An ache in your body that can only be soothed by contact with certain people? And sometimes, only by certain types of contact?
I don’t want to be too clingy with anyone in my life. But it’s a hard balance between not being too clingy and feeling so hungry…for interaction, connection, touch, sensation, service, submission.
There are things I don’t know yet with the burgeoning new relationship that hasn’t quite gotten off the ground yet. I mean…there’s chemistry. Dear god, there’s chemistry. And mutual interest. But who knows what it’s going to look like and feel like once we actually have time alone together? So we wait and see. I’ve got a laundry list of questions and such that are…too early to ask. Or I’m too scared. I’m afraid to want it too much. Eventually, there will come a time. Some have come up naturally so far.
This whole thing is unfolding in many unexpected but awesome ways, so I’m just going to trust in it to keep doing that with some gentle direction. Not a death grip. Not with panic. So I pull back. Gently…trying to avoid the desire to run fast and furious in the opposite direction the way I’m used to. Giving it room to breathe and grow.

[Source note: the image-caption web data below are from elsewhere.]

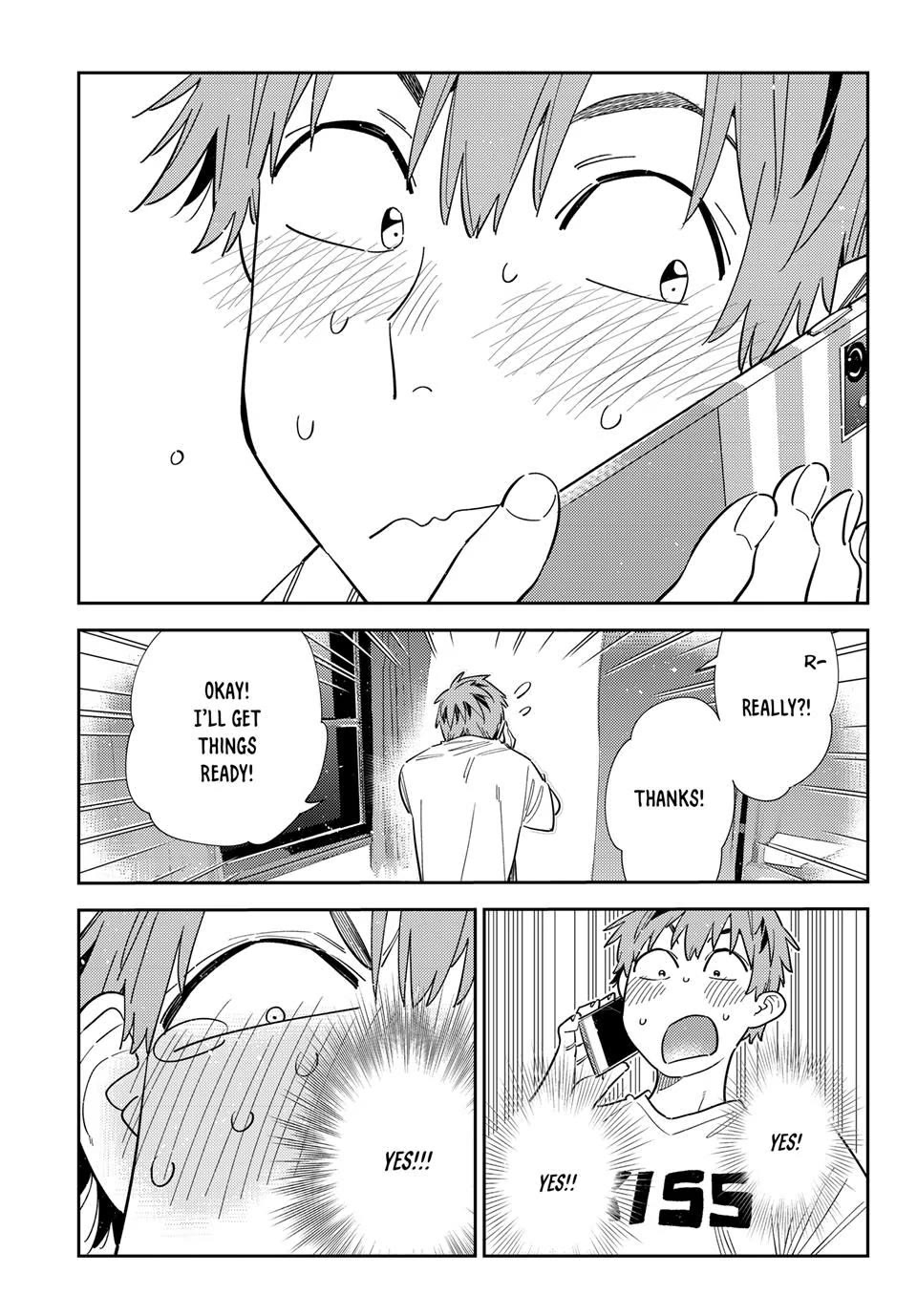Kanojo, Okarishimasu Chapter 397 page 11 - Chapter 397: My Girlfriend and the Moon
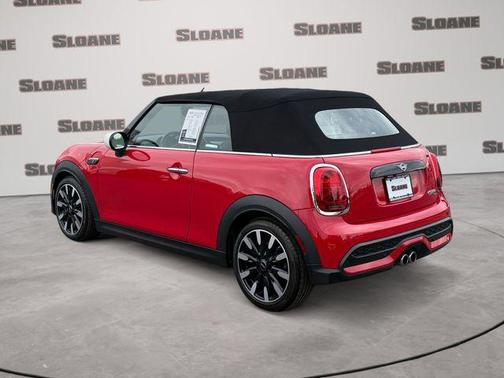 Chili Red 2023 MINI Convertible Cooper S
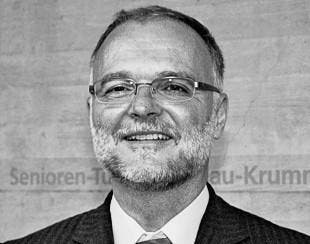 Daniel Leutenegger Scheidender Verwaltungsratspräsident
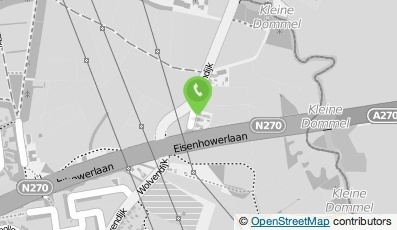 Bekijk kaart van Aannemingsbedrijf A. de Poorter in Eindhoven
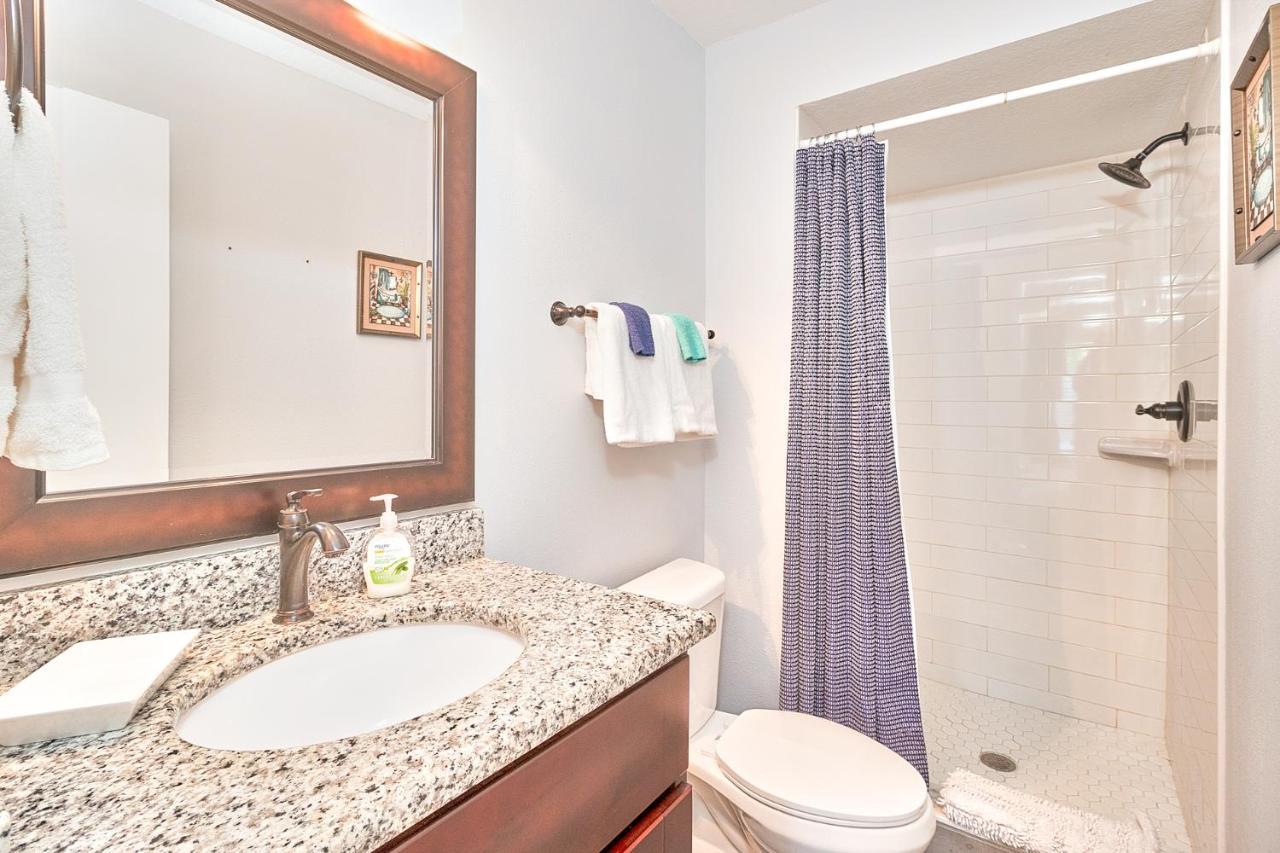South Tampa Retreat Fenced Yard, Top Location! Exterior photo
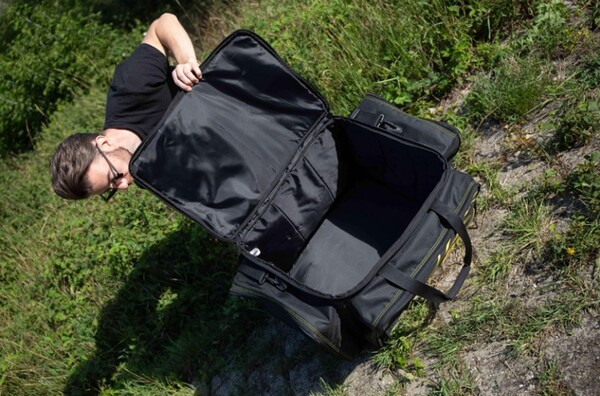 Torba Sumowa Black Cat BLCK Holdall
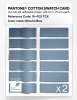 Artikelbild 6 des Artikels “PANTONE® COTTON SWATCH CARD 16-4121 TCX Blissful Blue “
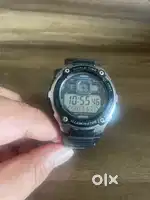 Casio digital watch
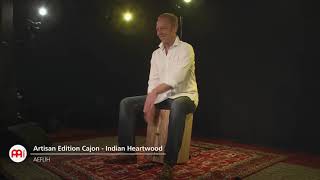 Video thumbnail for Artisan Edition Cajon - Fandango Line - Indian Heartwood - AEFLIH by Meinl Percussion - Official Product Videos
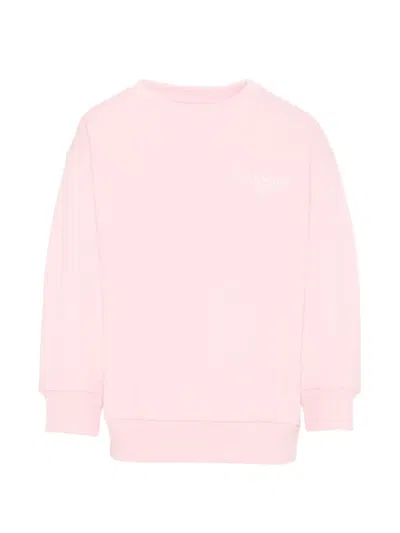 Givenchy Kids' Logo Sweatshirt In Pink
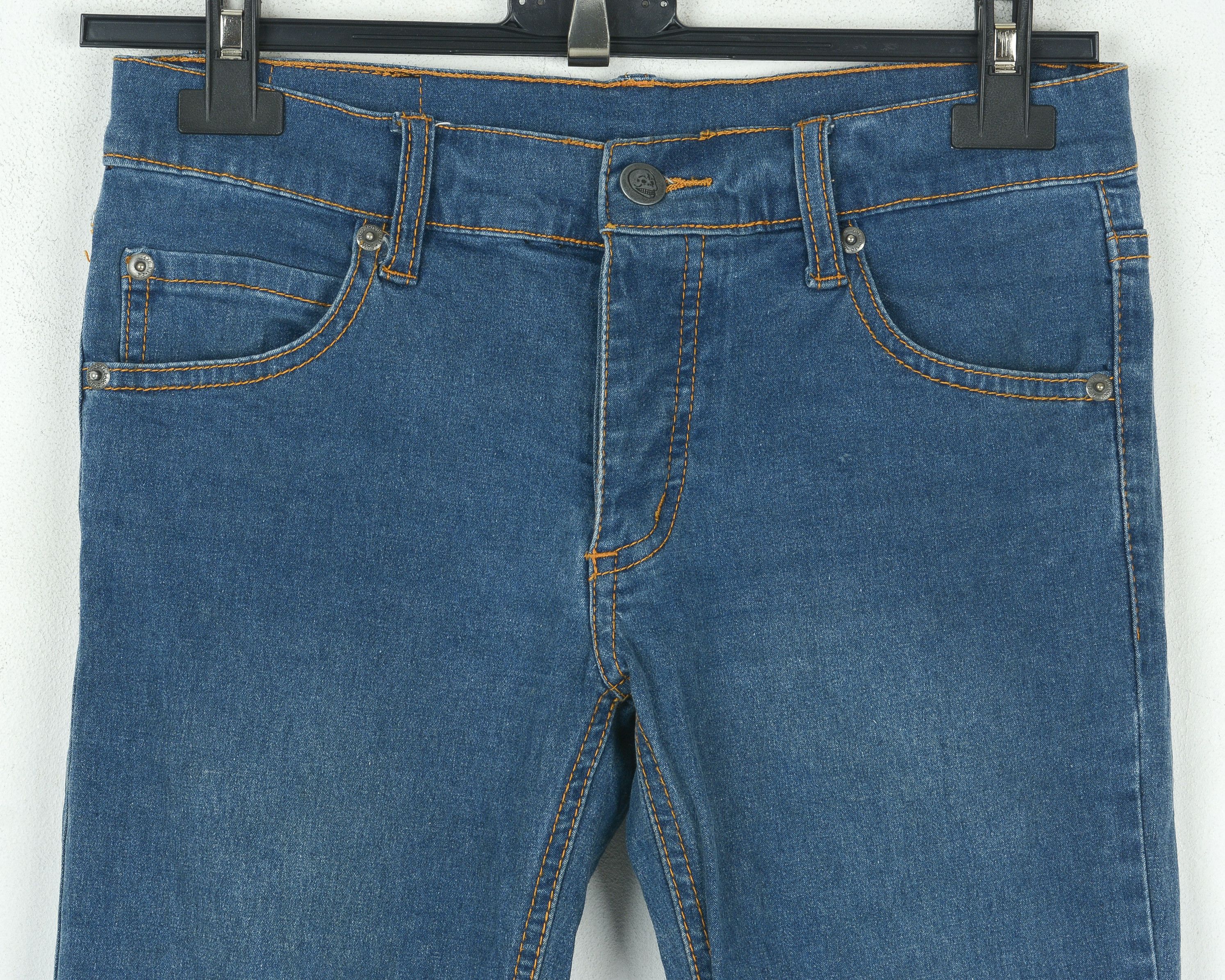 Cheap Monday CHEAP MONDAY W27 L34 Jeans Trousers Narrow V Str Washed Size US 27 - 2 Thumbnail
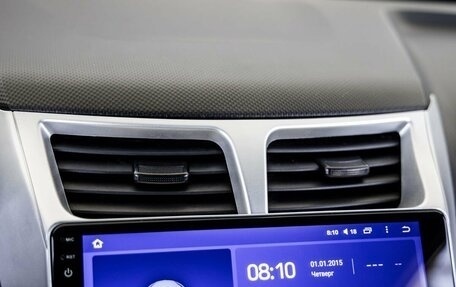 Hyundai Solaris II рестайлинг, 2015 год, 998 000 рублей, 16 фотография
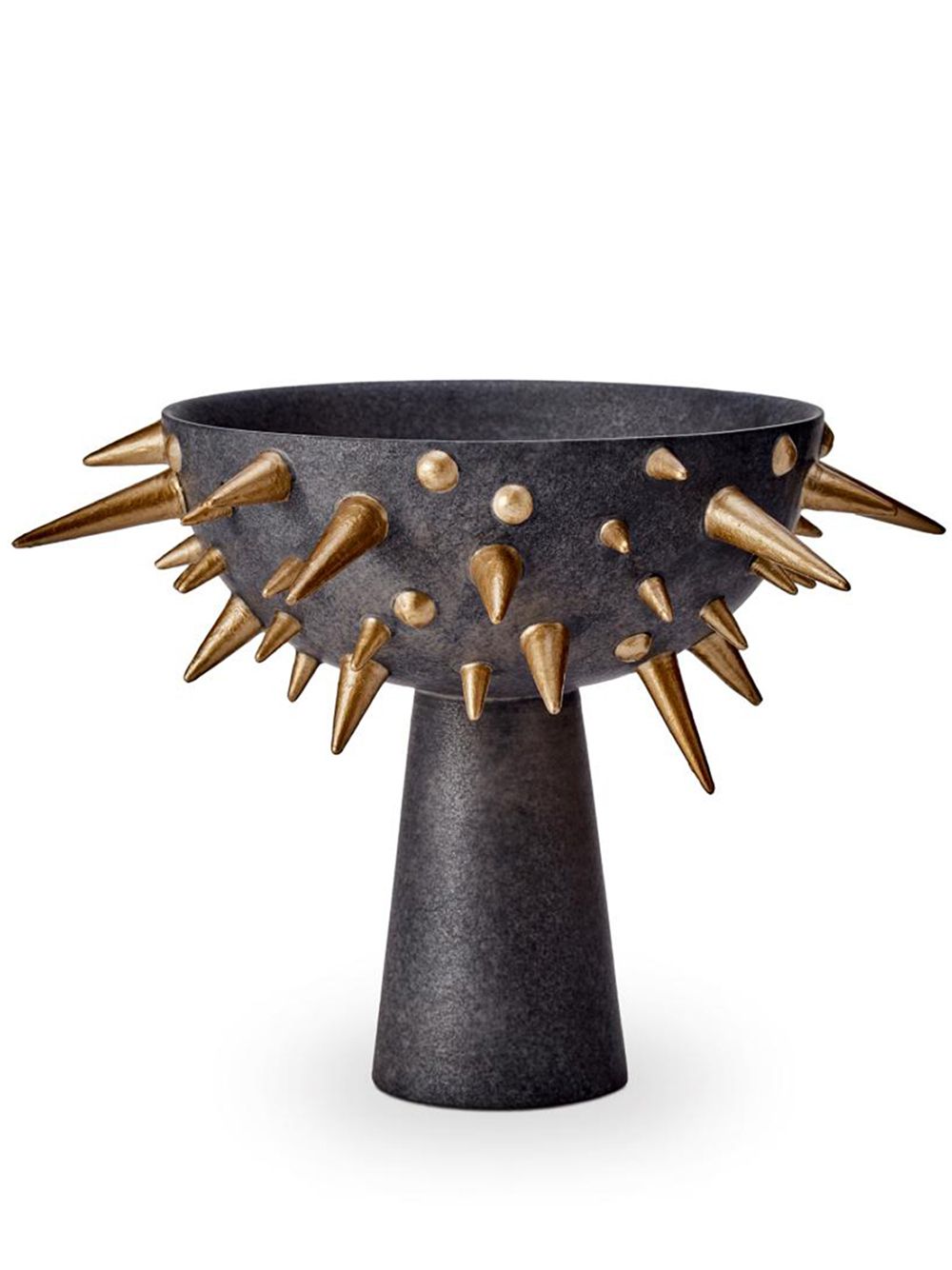 L'Objet Celestial studded bowl - Black von L'Objet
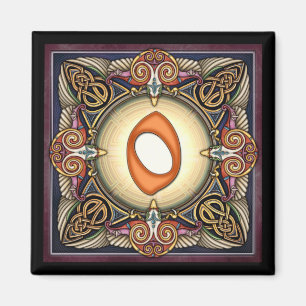 スタイルC, "0" – ケルト数字マグネット マグネット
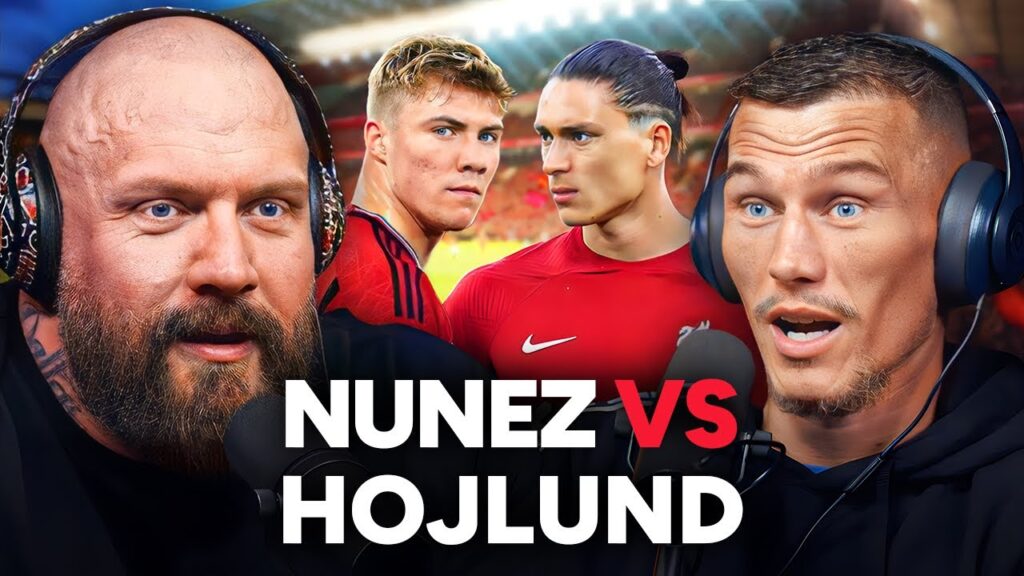 Darwin Nunez vs Rasmus Højlund - Which One is ACTUALLY Elite?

And with my husband, there’s a balance of when he’s got his own stuff going on and how to help support him while also trying to get what I need. And when his stuff is off, and he pulls away, as it currently is, balancing that with my stuff being off is…difficult. I wind up feeling exhausted and sad and really needy and I don’t want to be that.
I’ve been wanting to go back to the fetish club in town, but I’ve either been too tired or we had date night planned or I’ve been too raw to be around people I don’t know that well yet. Hopefully this weekend, as it would be good to find local connections.
So. I listen to music. I write. I try to reach out to the few other people who understand. I try to take it slow and not get too ahead of myself. I’ve been kneeling every day just for practice and reconnecting to the feeling. I’m glad I started now because if anyone were to tell me to at any point in soon, I might’ve just started crying like I did by myself that first time. Or not. Who knows? I’m just glad I’m dealing with some of this now so it doesn’t spill over and color everything. Just gonna keep trying to find other ways to feed the need that’s been sleeping for so long.And the ones that haven’t been but have nowhere currently to…find rest and release.